« On Safari? Take a map, see a movie | Main | More on sf and unheimlichkeit »

Homosexuality, sf, and the unheimlich

| 7 Comments

I really ought to be either editing or reading subs, but I'm gonna take a little time to point to a couple of really interesting entries in Kip Manley's blog Long story; short pier—a blog I was either previously unaware of or else just not paying attention to.

Manley's been writing about first exposures to the idea of homosexuality, and has been saying some fascinating stuff about sf in the process.

Back when I wrote that "Future of Sex" editorial, some readers responded that the problem with putting queer people in sf is that it distracts from the rest of the story—the idea being (more or less) that sex, and homosexuality in particular, is inherently so foregrounded that putting it in a story at all makes that what the story's about. Here's Manley on The Tomorrow File, a 1975 novel by Lawrence Sanders that's set twenty years in the then-future and has a bisexual protagonist named Nicholas:

Had Nicholas been narrating a contemporary beach-blanket thriller, he’d’ve been an alienating figure. No matter how exotic the locale, he’d’ve been insisting he was with all his queerness here and now, and I could look around me and see that this was not so. But science fiction ... gives him a certain license. He’s insisting that he and all his world could be, and inviting you to step awhile in his shoes and see the sights.

An excellent point. Though I would add that to some extent these days (thirty years after the Sanders novel was published), the presence of homosexuality in science fiction set in the future is more alienating than in contemporary-setting fiction, for a reason much like what I was talking about in my editorial: because there's so much more homosexuality in the real world (and in contemporary fiction) than in sf set in the future.

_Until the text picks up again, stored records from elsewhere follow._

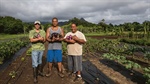 Resources for Selling and Buying Local Produce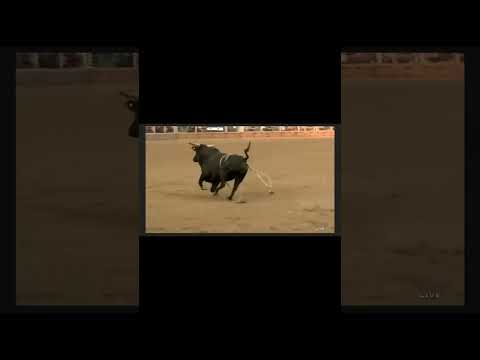 2023 Season 8902 Billy Boy Summit Pro Rodeo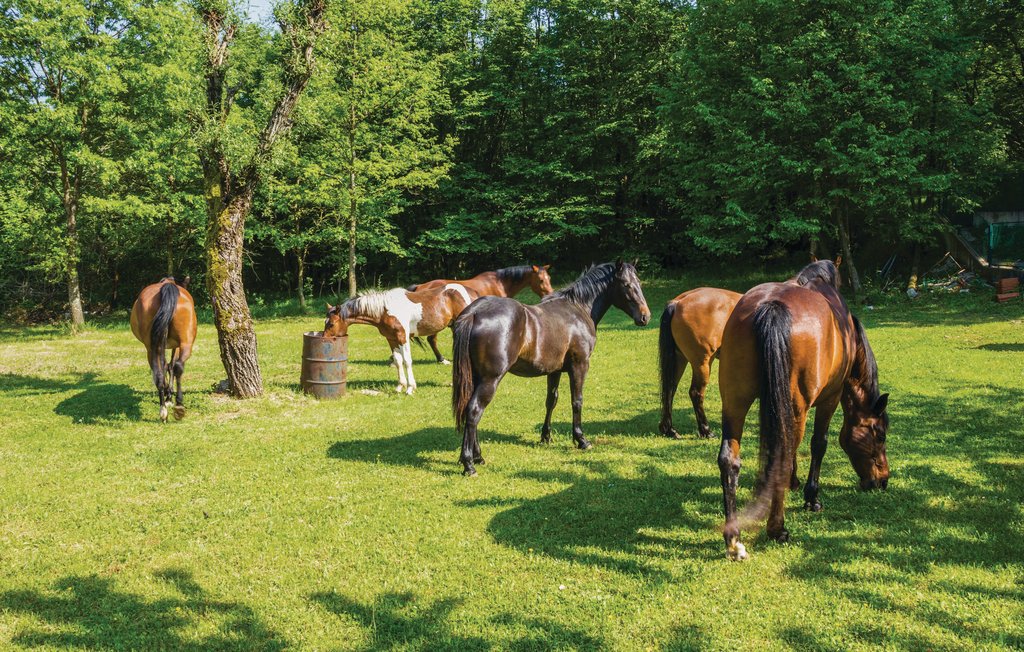 Semesterhus - Opatija-Moscenicka Draga , Kroatien - CKO300 37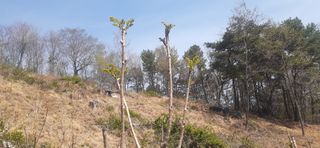 오소리와꿀벌들님의 내 농사 경력 자랑하기 · 참여 작성글 사진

(Aside: It occurred to me recently, while reading a Human Future In Space story in Asimov's in which there are actual homosexuals, that I neglected something in my editorial: it's traditionally okay to have queer and/or kinky people in HFIS stories as long as they're decadent and jaded and world-weary. This realization led me to decide that I want to write an Absolute Magnitude-style Starship Pilot Adventure Story in which the dashing starship pilot jock hero is gay but not at all decadent.)

So then in a later entry, Manley goes on to discuss the terms ostranenie ("the experience of having the familiar and commonplace made strange or alien," says that Lézard Lexicon page) and unheimlich (apparently hard to translate, but often translated into English as "uncanny"; literally "un-home-like"). And then:

But the thing about any tool no matter how mighty fine is that once you’ve used a hammer for a while you start to expect the nails. Read enough SF and you come to expect those unheimlich touches, the ostranenie of another world. It is itself familiar, usual, canny, heimlich. It’s what you opened the book for in the first place; that door damn well better be dilating by page three or you’re taking your custom elsewhere. —This is neither a good thing, nor a bad thing, it’s just a thing, and savvy writers and readers take it into account, ringing ostranenie games off their own expectations of the unheimlich as naturally as breathing.

Yeah. I think this is at the heart of a lot of those "but it isn't sf!" arguments—and at the heart of a lot of the playing with genre boundaries that some authors do.

(Aside: for a bit more on "the door dilated," see Gunn's "The Protocols of Science Fiction," and a posting by Dan'l Danehy-Oakes, and Langford's Drabbles.)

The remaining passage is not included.